At any rate, British guy was taking a two-day course so I spent my time wandering around and obsessively checking Twitter. I spotted Café Latitude while running errands with the Doctor and decided to spend the following morning there so I could scope out the place and catch up on some writing.

Café Latitude


I'm a sucker for a good café. I always have been. I blame my Northern California upbringing. In Northern California we take our coffee and our cafés very seriously. Just ask a group of resident San Franciscans for their opinion on the best café in town (Philz. In the Mission.). You'll be sure to incite a lively debate. Maybe some fist-fighting.

So I appreciate a good café, and as soon as I walked past Café Latitude, I knew it was going to be good. I got that warm, fuzzy feeling. (What? You guys don't get that when you find a nice place to have a cup of coffee?)
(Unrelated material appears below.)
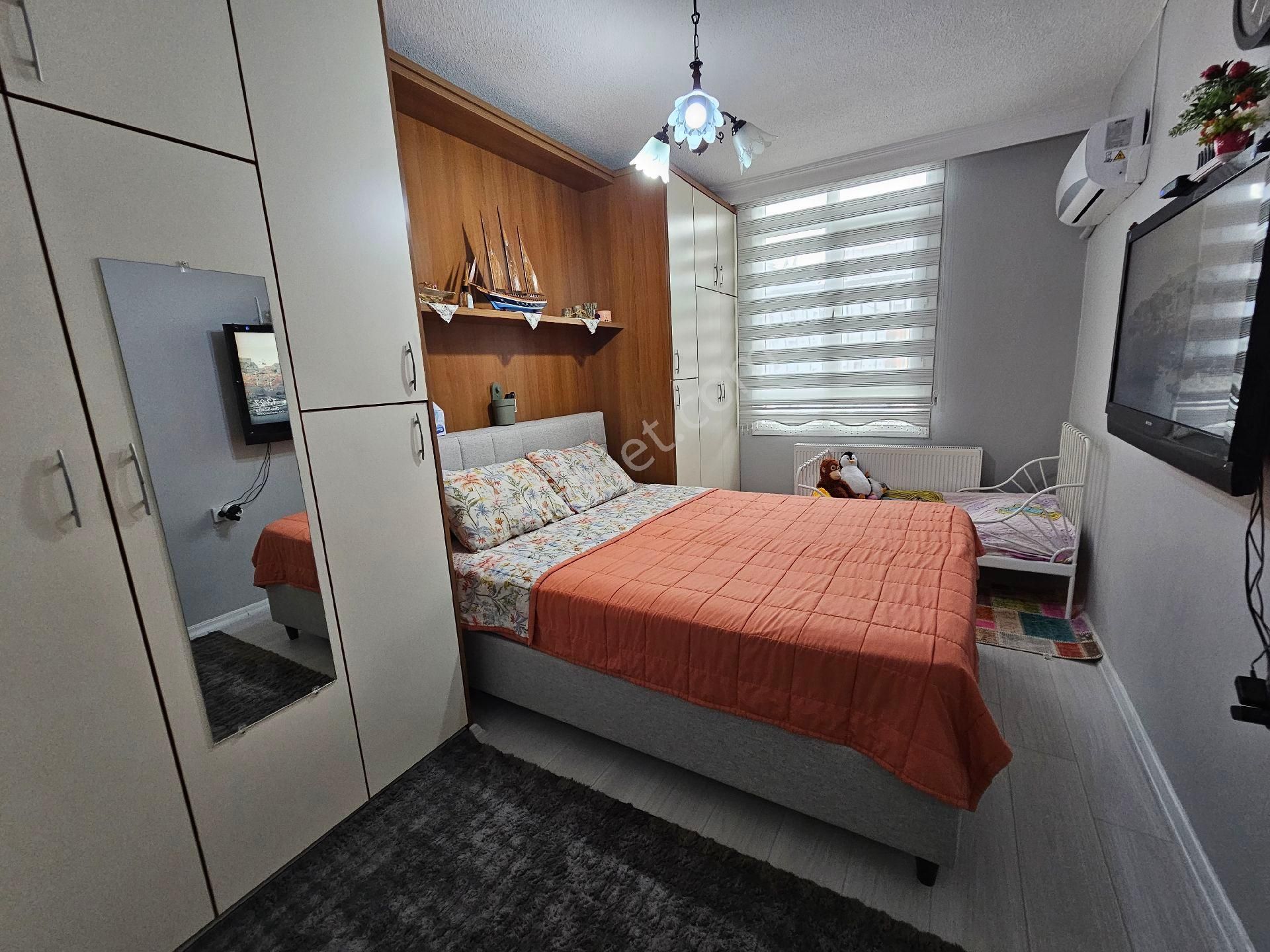 Beyazevlerde 3+1 4 Katlının 3. Katı Cam Balkonlu Doğalgazlı (asansör Yok) - Görsel 17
Café Latitude is the café that writers dream of. Open, airy, rustic. It's quiet and calm, but not without its local characters swinging by for their morning coffee and a political debate. As soon as I walk through the door I fall in love with the place. I track down the barista, order my café crème, grab a seat by the window and sit for two hours. I write. I stare out the window. I write some more. A man sits down next to me. "Bonjour," he says with a smile as he flicks open his newspaper. A couple sitting on the patio outside are sipping rosé as the morning sunshine filters through the trees. I glance at the clock. 11:00 a.m. on a Wednesday morning. I love France.

Here are a few photos.









The address is: 1 rue Ste-Croix. It's around the corner from the Cathedral, and just down the street from Don Peppino's. (One of the Doctor's favorite pizza joints in Montpellier. I haven't been, but he swears by it.) Basically if you find yourself in Montpellier and you don't go to Café Latitude, you will regret it. Go. We need more people in the world drinking rosé at 11:00 am. I should probably insert a "drink responsibly" caption here somewhere...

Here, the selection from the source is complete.